Id bet the fridge was pushed back too far and that alone put enuff force on the pipe to break it, you cant blame the CPVC for that. I believe that wasnt staged, ya know they made ice boxes with hammer arrestors built into them.:thumbsup:


----------



## GREENPLUM

Protech said:


> Now I suppose you're going to say I staged that huh greenplumb


Why would I??? I want to see the vid of you "simply touching" cpvc and it breaking. :yawn:


----------



## service guy

Ok, so pex and copper is superior to cpvc, I think we all can agree on that.
I don't see ANY benefit to cpvc at all.


----------



## GREENPLUM

service guy said:


> Ok, so pex and copper is superior to cpvc, I think we all can agree on that.
> I don't see ANY benefit to cpvc at all.


 
i disagree, speak for yourself, your need to open your mind a lil and see the light.....its bright


----------



## service guy

GREENPLUM said:


> i disagree, speak for yourself, your need to open your mind a lil and see the light.....its bright


So what benefits does cpvc have over the alternatives I mentioned? I am waiting with an open mind.


----------



## GREENPLUM

service guy said:


> So what benefits does cpvc have over the alternatives I mentioned? I am waiting with an open mind.


 
$$$$$$$$$$$$$$$$$$$$$$$$$$$$$$$$$$$$$$$$$$$$$$$$$$$$$$$$:icon_cheesygrin:


----------



## service guy

you mean its cheaper?
:laughing:

That is the ONLY benefit?:laughing:

Thats it?:laughing:

Dude, that is SAD. If you prefer the cheapest product, thats fine. But its still inferior.


----------



## ToUtahNow

I have seen a ton of horrible CPVC installations and I was also very cynical of using CPVC. To be fair to CPVC, I have also seen horrible PEX, Poly, copper and galvanize installations. Finally I saw a CPVC repipe in Las Vegas installed by a company from Virginia and thought it looked pretty good. All of the lines were square, plumb and properly isolated. I believe the Jury is still out on PEX and CPVC but it appears the weak link is the installers. That's what happens when you have a material that is so easy to install (wrong) even a caveman can do it.

Mark


----------



## Cal

Well said Mark !! 

Copper is King ,, no doubt but the economy doesn't allow it as much .

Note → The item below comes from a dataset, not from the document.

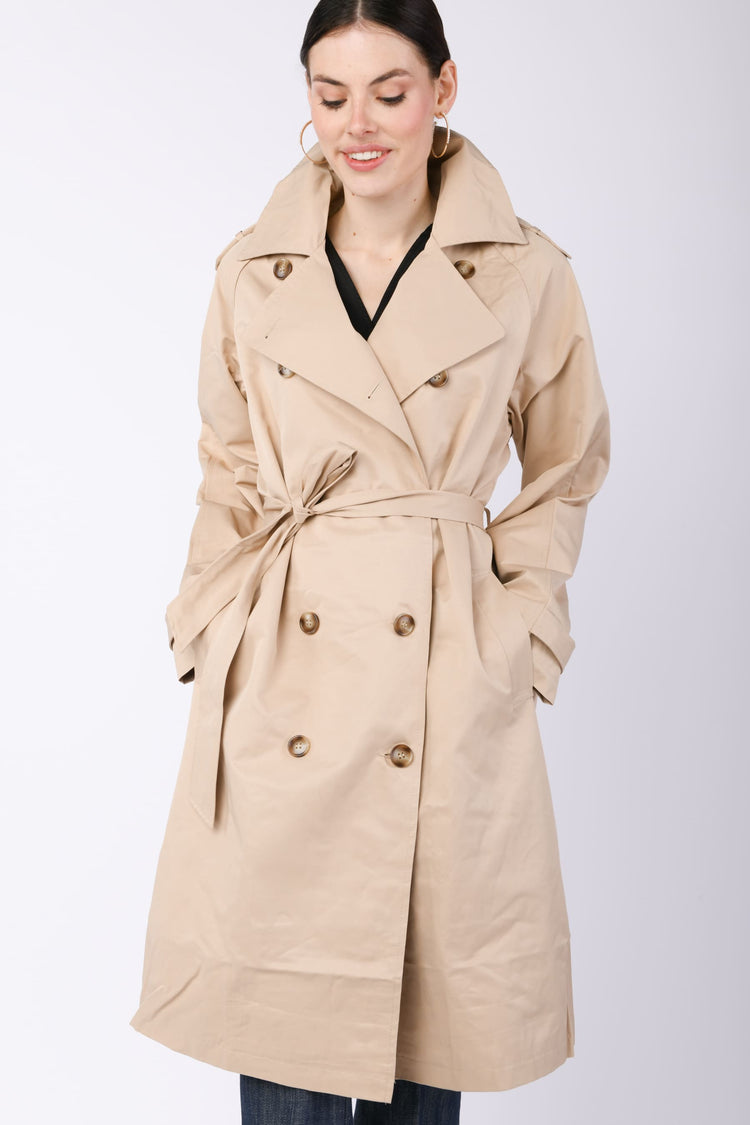 Trench basic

Pex ,,, i hear good things but i have to believe the words " Tubing " & " Crimp " are still kill words for lots of folks .

Seeing cpvc EVERYWHERE around here ,,,,,, we'll see .

My hope is that the plastics and the tubing prove to be great . But for all of us who have been around a while ,,, we know that things wear out !

.02


----------



## ChrisConnor

Why not just install a valve box in the wall instead of all those other connections on the outside of the wall?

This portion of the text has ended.